Par Olivier Martocq, le 28 mars 2020

Journaliste

Marathon du Connemara, 2018

Quand l’ordre d’auto-embastillement est tombé, les marathoniens d’Endurance Passion 13 (récit de la première semaine #S1) en étaient à la 5e semaine de préparation du marathon de Vienne. Dans le dur, avec quatre séances de course par semaine, ils ont été brutalement sevrés de leurs hautes doses d’endorphines, secrétées par cet entraînement intense. « La molécule du bonheur du sportif », libérée par le cerveau pendant et plusieurs heures après l’effort, ne les dope plus. Ils sont désormais privés des sensations d’euphorie, de puissance et d’extase qui en découlaient. Un handicap supplémentaire dans l’épreuve en cours !

 

Marco : « Les minutes comptent pour des heures »

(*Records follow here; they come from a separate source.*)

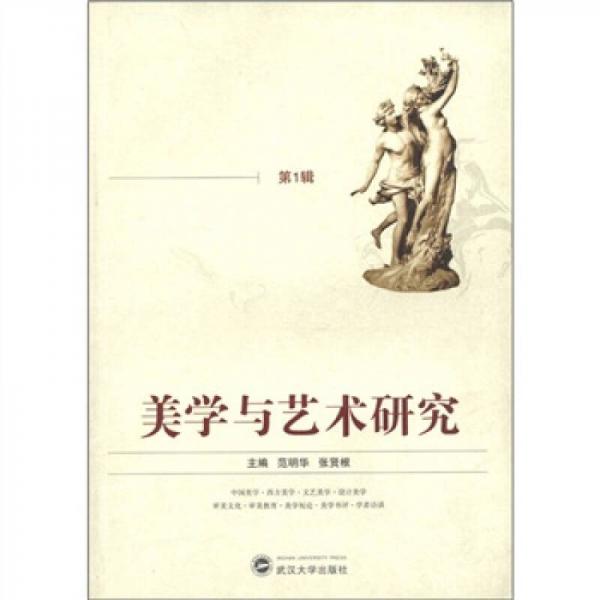 美學(xué)與藝術(shù)研究（第1輯）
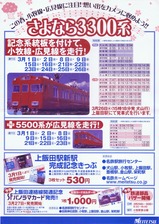 H15.03̾Ŵ¤µ¤è¤Ê¤é3300·Ï¥ê¡¼¥Õ¥ì¥Ã¥È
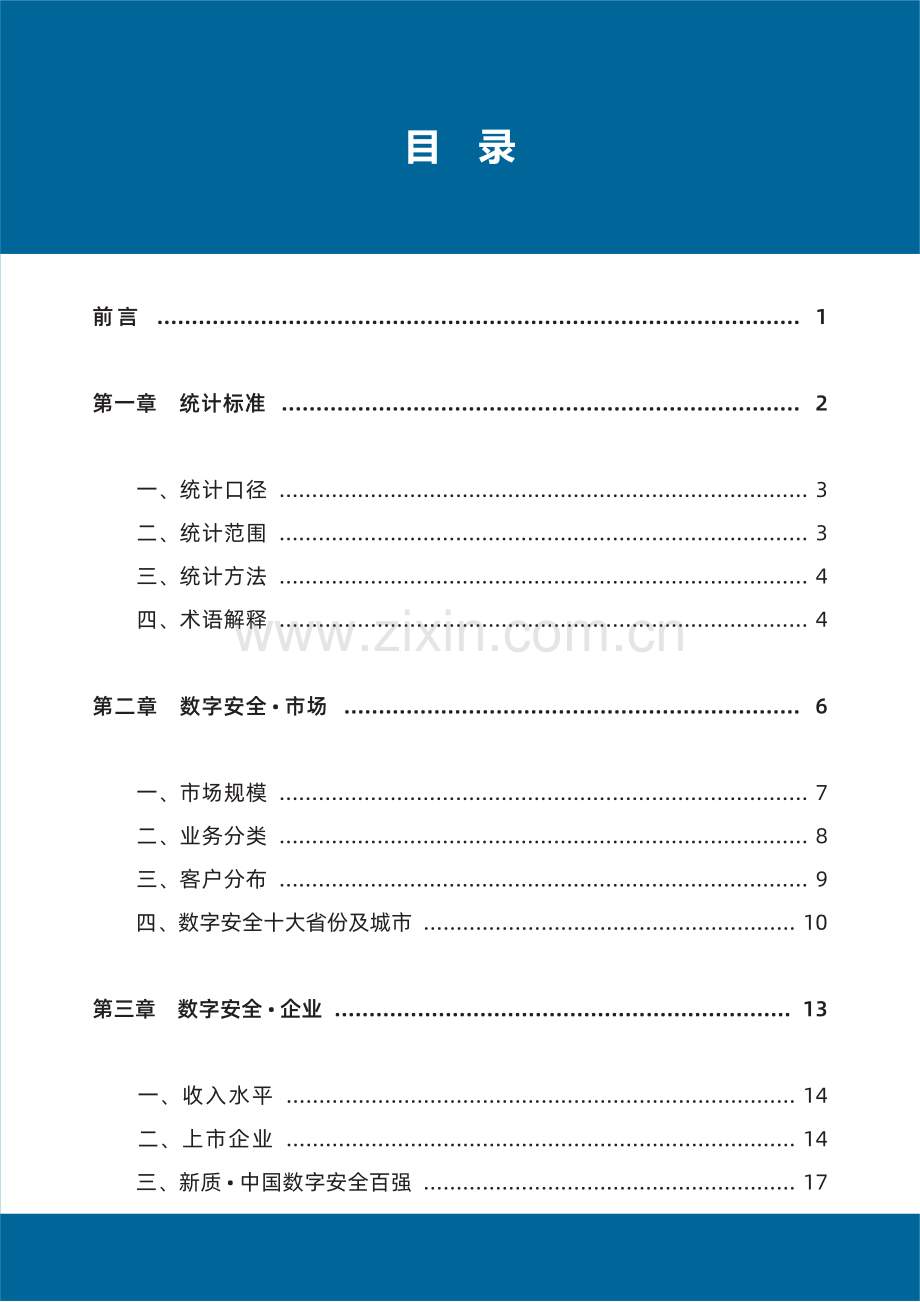 2024年中国数字安全产业年度报告.pdf_第3页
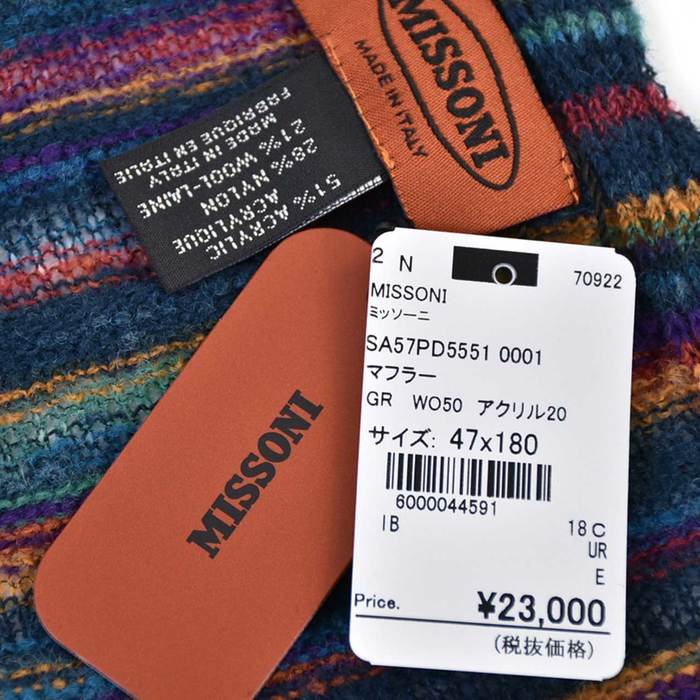 65％OFF】MISSONI ミッソーニ マフラー グリーン SA57PD5551 0001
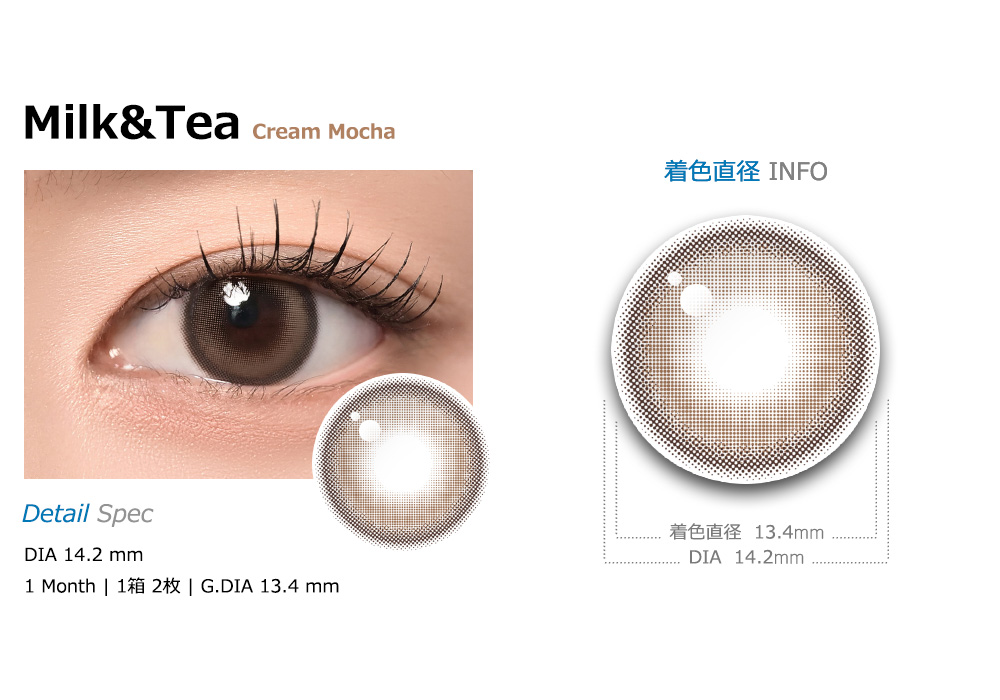 [1 Month/クリーム モーカ] ミルク アンティ シリコン (1箱 2枚)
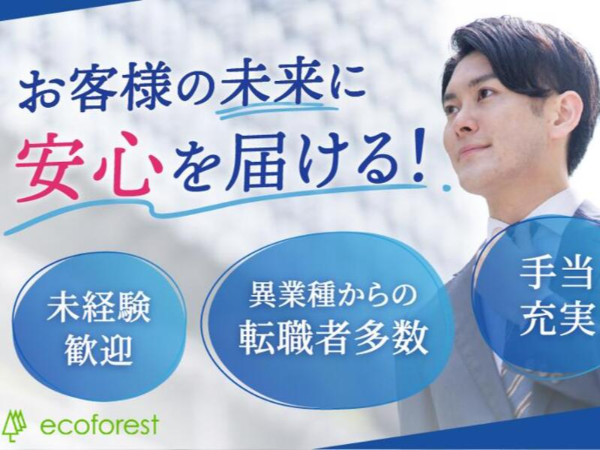 不動産仲介営業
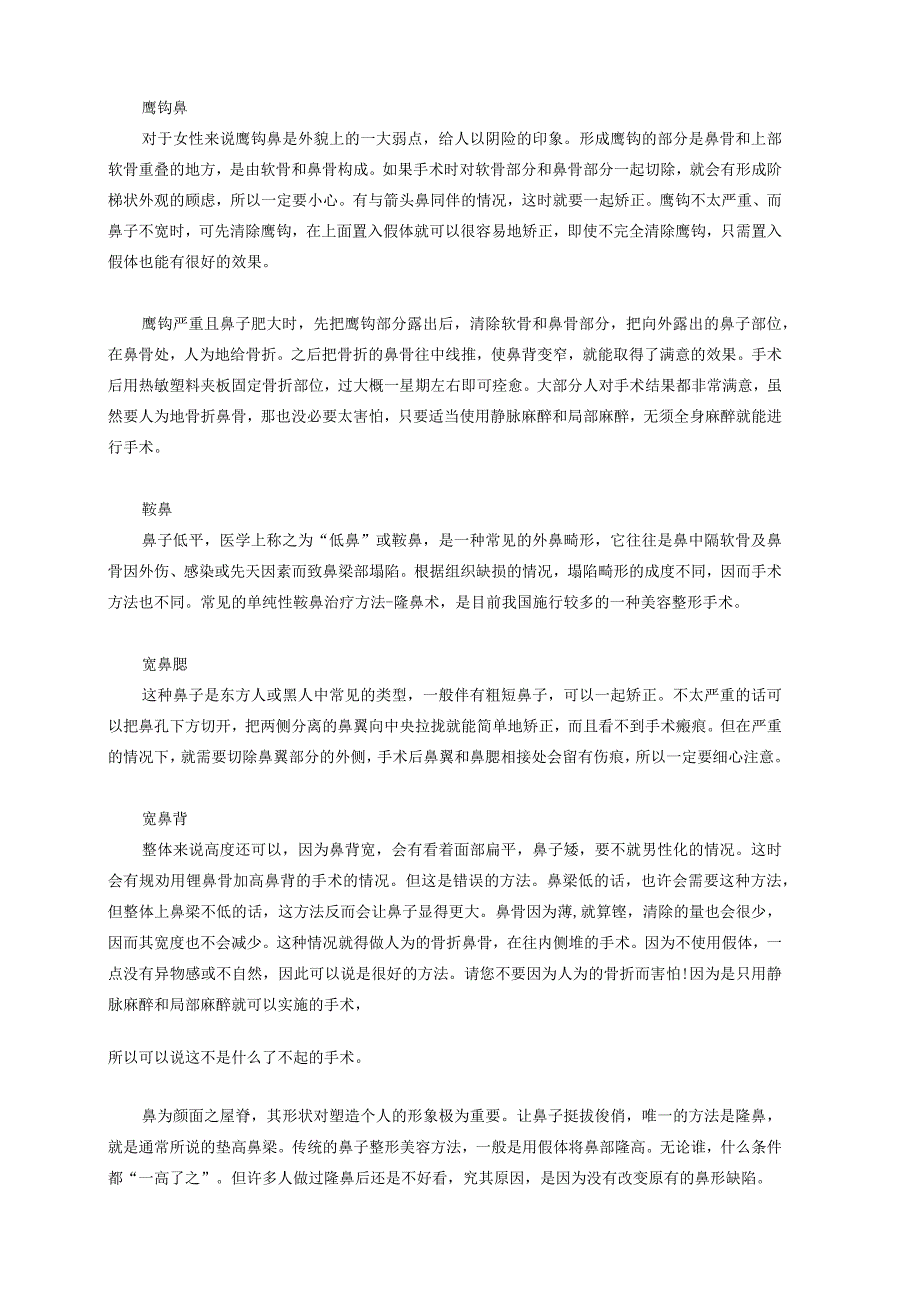 医美鼻整形鼻型分类和手术方法.docx_第2页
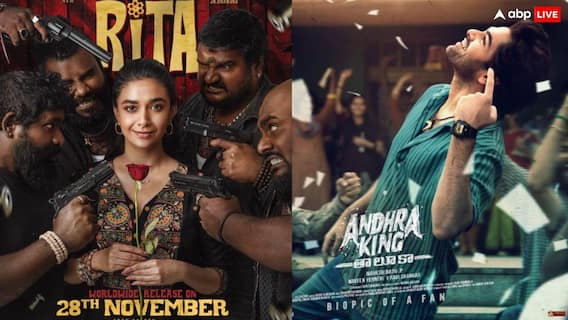 क्रिसमस के मौके पर ओटीटी पर रिलीज हो रही ये दो साउथ फिल्में, वीकेंड हो जाएगा मजेदार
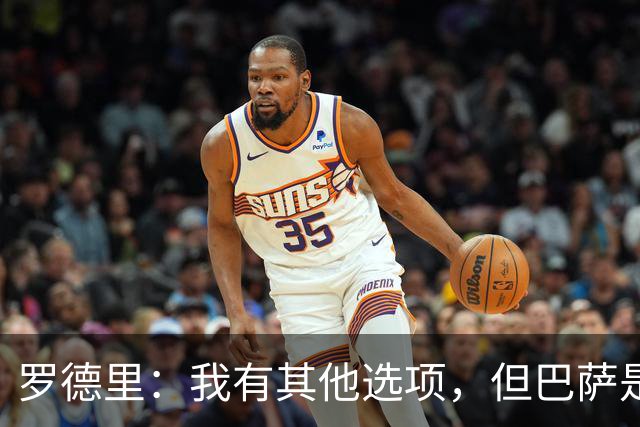 罗德里：我有其他选项，但巴萨是我的第一选择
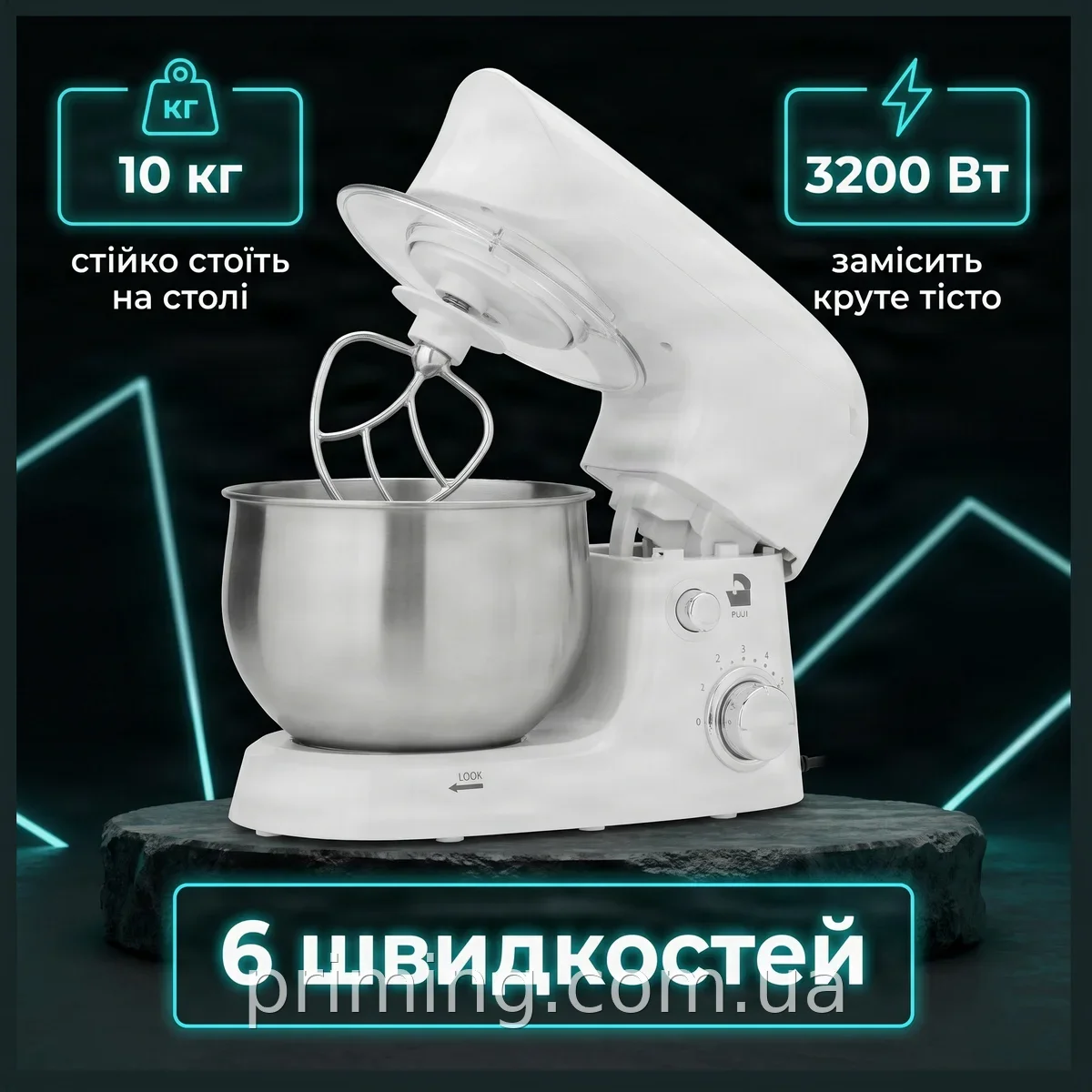 Планетарний міксер Jumpex SC-635, стаціонарний тістоміс 5л з нержавійки, 3200 Вт, 6 швидкостей, білий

Il tournait « déjà en rond » la semaine dernière et ça ne s’arrange pas ! Le coach a beaucoup de mal à s’adapter au télétravail « La masse d’informations qui me parvient est énorme. Il n’y a plus de filtres et les collaborateurs ont tendance à en rajouter ». Il est vrai que son domaine, la finance et la gestion de la dette, est l’un de ceux qui connaît les plus grandes incertitudes. Période compliquée aussi personnellement avec une solitude nouvelle et la charge émotionnelle qui en découle. Côté sport, ce n’est pas ça non plus ! « Dans le périmètre autorisé autour de mon domicile, et je m’y tiens, il n’y a que des montées ». Son parcours autour de Notre Dame de la Garde est bon pour le cardio. Mais pas pour les muscles, confrontés à des montées à répétition, et le dos, qui doit encaisser les descentes. Alors pour faire face, il se fait plaisir, se cuisine des bons plats et avale du chocolat. Résultat : deux kilos en une semaine ! Entraîner, nous faire progresser et tendre vers un objectif lui manque. « T’inquiète, Marco, on va se ruer sur un marathon d’hiver et tu vas en avoir du boulot, pour nous remettre au niveau ! ».  

 

Joséphine et Antoine : « Lui soigne. Moi je découvre l’ennui »

Jours de confinement #S2
Joséphine et Antoine

Notre couple de médecins qui vivait mal la semaine dernière d’être confiné, ne l’est plus à deux. Antoine, maintenant que l’épidémie approche, a été rappelé à l’hôpital Saint Joseph dans une unité spécifiquement dédiée au Covid. Enceinte de 6 mois, Joséphine n’est toujours pas autorisée par ses collègues de l’hôpital Nord à se rendre à son travail. D’où une certaine mélancolie ! « Je fais de l’aquarelle, c’est dire ! ». Être tenue à l’écart de cette crise sanitaire majeure est compliqué pour elle : « Ça me manque de ne pas être sur le terrain, au front, comme les autres. » Elle reconnaît quand même que pour la première fois de sa vie, elle a le temps de s’ennuyer. « Je n’ai jamais connu une telle période de vide. J’essaie de la mettre à profit en pensant à l’avenir mais aussi en lisant beaucoup, notamment tout ce qui concerne le Covid et la polémique autour de Didier Raoult ».

 

Nathalie : « L’impression d’être sous-employée »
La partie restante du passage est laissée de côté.